**What is needed:**
Every line below from the one with "Photo 3 of 731 Jefferson Drive SW" through the one with "Departamento · 58m²" should be retyped exactly, both ends included; no other lines and no pictures.

**Exercise material:**
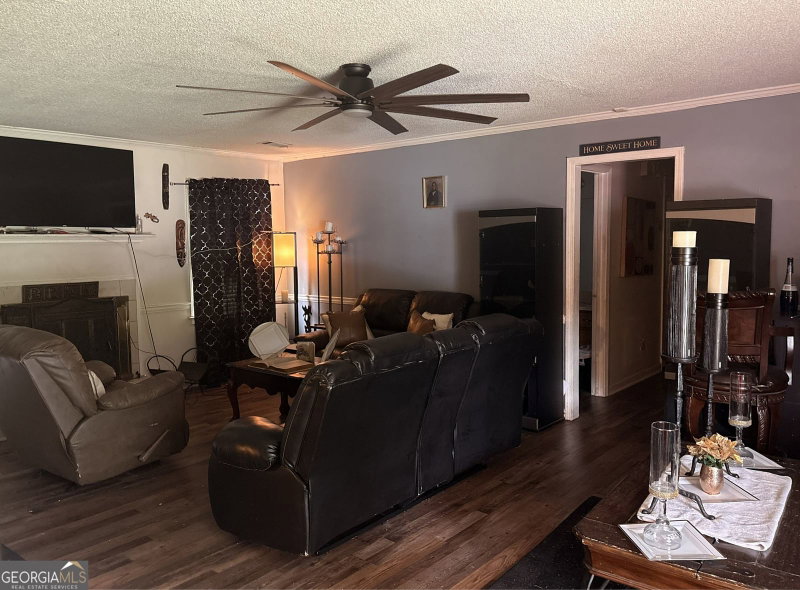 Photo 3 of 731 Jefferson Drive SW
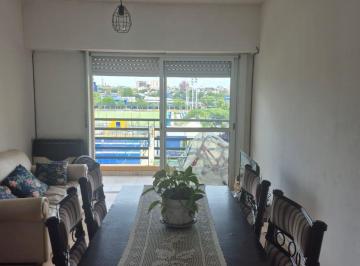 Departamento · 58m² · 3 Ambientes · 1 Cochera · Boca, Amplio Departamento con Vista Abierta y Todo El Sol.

--

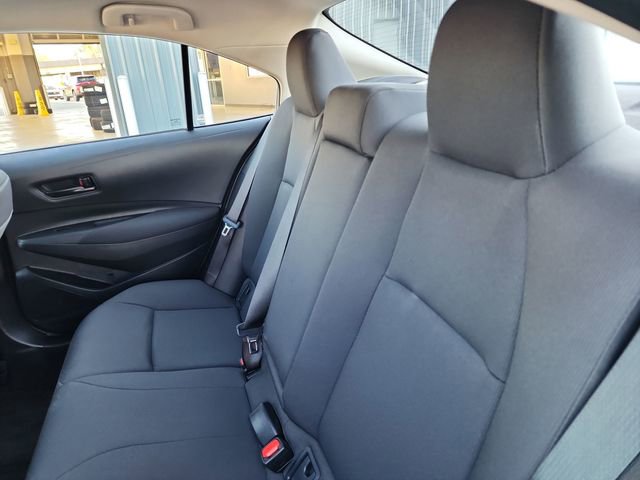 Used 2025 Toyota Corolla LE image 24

* * *

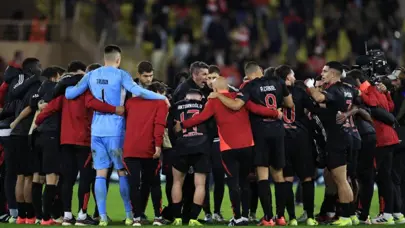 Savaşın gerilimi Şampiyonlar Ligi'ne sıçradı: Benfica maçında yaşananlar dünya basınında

**Output for this exercise:**
 Photo 3 of 731 Jefferson Drive SW
 Departamento · 58m² · 3 Ambientes · 1 Cochera · Boca, Amplio Departamento con Vista Abierta y Todo El Sol.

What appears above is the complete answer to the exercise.